University of Melbourne professor of public management Janine O'Flynn has been studying government outsourcing for almost 20 years.

"There is going to have to be a substantial transition period from one provider to another. You don't just literally walk out on one day and a new provider walks in the next. Given the scale and the political importance of this arrangement, I would have thought we are probably cutting it a bit fine already."

There are currently almost 1,500 people in offshore detention centres, according to the Department of Immigration and Border Protection.

Hundreds of those people may be eligible for resettlement in the United States under a refugee deal made with the Obama government, if it is to go ahead.

But some will remain.

There's no clear indication how many will got to America, and at least several hundred aren't eligible for the program.

Prime Minister Malcolm Turnbull last week confirmed the centre on Manus Island would close by the end of the year.

But Immigration Minister Peter Dutton on Sunday said there is an ongoing need for the centre on Nauru.

A statement from the Department says proper process will be followed: "The Department is considering next steps to ensure service delivery continues in regional processing countries. Any new procurement process will be conducted in accordance with the Commonwealth Procurement Rules."

Professor O'Flynn says there needs to be closer scrutiny of the government's management of the detention centre contracts.

She says it's particularly necessary after a series of reports by the Australian National Audit Office which criticised the way the government had in the past procured, and managed, the contracts.

"The Australian government had now had two decades of experience in procuring and managing offshore detention and still encounters the same problems that it has shown there is a massive issue in terms of feasibility to manage that relationship and to really contract effectively in a best-practice way."

The Audit Office reports, from September last year and January this year, highlighted poor Departmental oversight of the contract provider and examples of mismanagement and wasteful spending.

Labor's immigration spokesman, Shayne Neumann, says an open tender process for a new service provider should have already begun.

"Potentially hundreds of refugees on Manus Island and Nauru will miss out on the opportunity to resettle in the United States and could be left to languish in Regional Processing Centres for years to come. The new tender process for garrison and welfare services in offshore centres has been suspended by the Turnbull Government. The Minister is cutting it fine with these contracts."

The Greens' immigration spokesman, Nick McKim, says this government has repeatedly failed to follow proper procurement processes.

"It would be no surprise if the Immigration Department and Minister Dutton once again played fast and loose with tax payers money and failed to follow a proper process, which is what they have done so many times in the past. And this basically give the government a fantastic opportunity to do what they should have done a long time ago and that is close the camps on Manus and Nauru and bring the people in them here to Australia."

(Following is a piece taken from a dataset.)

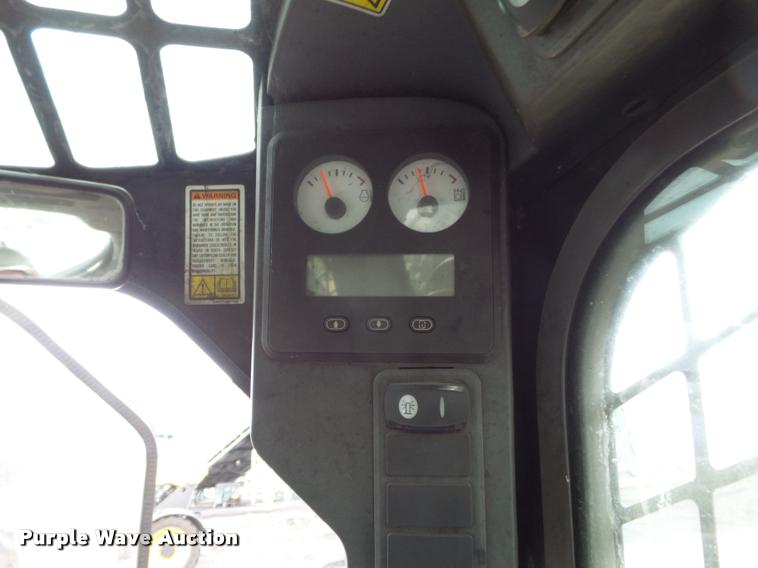 image for item K3296 2008 Caterpillar 262C skid steer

The current provider has come under pressure from human rights groups, including a recent report from Amnesty International, which also issued a warning to potential bidders.

No companies have publicly expressed interest yet in taking up the contracts, but Professor O'Flynn says private negotiations are likely already taking place.

She says there may be interest from companies who run immigration detention centres in the United States or Europe, where the industry has been growing over the last few years.

"One of the big challenges internationally is that many countries are looking to Australia for inspiration for how to deal with these issues, and that's a sort of commercial conundrum, because what we know from the audit is that they haven't been managed very well at all."